One limitation of the study was that the lack of provision of a standard meal the night before the acute measurement to metabolically stabilize our study participants may have confounded our study outcomes. Previous studies suggest a residual effect from dinner meals may impact the next morning glucose profile [68
] particularly with high fiber intake. Another limitation was the fact that we could not match sugar, MUFA, PUFA, and total fat, across normal vs. the high breakfast treatment meals although these nutrients may influence our results. However, the magnitude of the differences in the amounts of the afore-mentioned nutrients between the normal vs. high protein and fiber breakfast treatments where not numerically substantial. Lastly, our study findings are only generalizable to overweight young adults.

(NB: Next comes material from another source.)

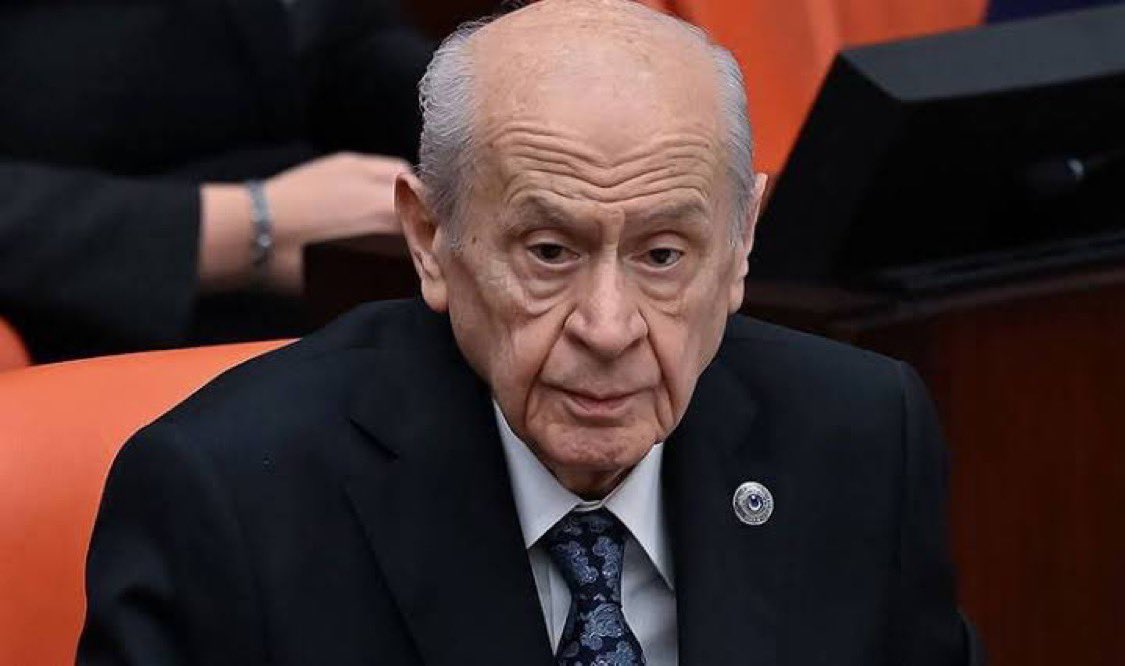 KendineMuhabir's tweet image. Devlet Bahçeli:
“PKK’nın kurucu önderliği tarafından 27 Şubat’ta yapılan “Barış ve Demokratik Toplum Çağrısı” örgütün tüm bileşen ve yapıları için bağlayıcı ve geçerlidir.
Milliyetçi Hareket Partisi için dikkate alınması gereken asıl çağrı bahse konu İmralı çağrısıdır.”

A strength of this study is that both researchers and study participants were blinded to the study dietary treatment. This potentially eliminates any biases with our dietary manipulation that may influence our study outcomes. Another strength is that the 2-week dietary acclimation period before our postprandial responses were assessed allowed us to determine the prolonged effects of consumption of protein and fiber breakfasts beyond a single meal.